Kenya mall attack: San Diego woman among American survivors

NAIROBI, Kenya

Elaine Dang, 26, is a manager at a company called Eat Out Kenya. She was meeting coworkers when masked gunmen stormed the mall, spraying gunfire and tossing grenades.

Dang, a graduate of Torrey Pines High School, was wounded, but managed to escape. Her father was relieved, considering her injuries.

"The chest, something metal came into her chest, and then the arm and the leg," he said.

On Twitter, Dang posted a photo taken in her hospital room saying "Proof that I am okay. Hanging out with some of my best friends in Nairobi."

But her father says she lost two of her friends in the bloody massacre.

"I cried..." he said, pausing. "And then I'm afraid."

Dang is one of five Americans wounded in the attack, but none were killed. One American family became separated during the horrific ordeal. Nick Handler was sitting at a cafe with his 2-year-old daughter, as his pregnant wife was a floor below.

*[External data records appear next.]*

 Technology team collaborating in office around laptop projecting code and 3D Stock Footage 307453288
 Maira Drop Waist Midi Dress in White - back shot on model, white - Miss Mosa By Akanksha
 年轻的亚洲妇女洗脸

"All of a sudden I just heard a loud explosion followed by a few gun shots and I just immediately just grabbed her and luckily it was right by the door and we were able to sprint out of the cafe and ran across the mall," Handler told ABC News.

Handler and his daughter hid in a storage room with 40 other people. His wife first hid in a movie theater before making it to the roof with another group of people. About 90 minutes later, the family was rescued and reunited.

"Just the look on her face, the emotion and I think all of the fear and the uncertainty that had been building up. She just let it all out. It was a pretty emotional moment for all of us," Handler said.

Islamic extremist group al-Shabab, which has ties to al Qaeda, has claimed responsibility for the calculated attack, saying it was in retribution for Kenyan forces' pushing into neighboring Somalia in 2011.

ABC News contributed to this report.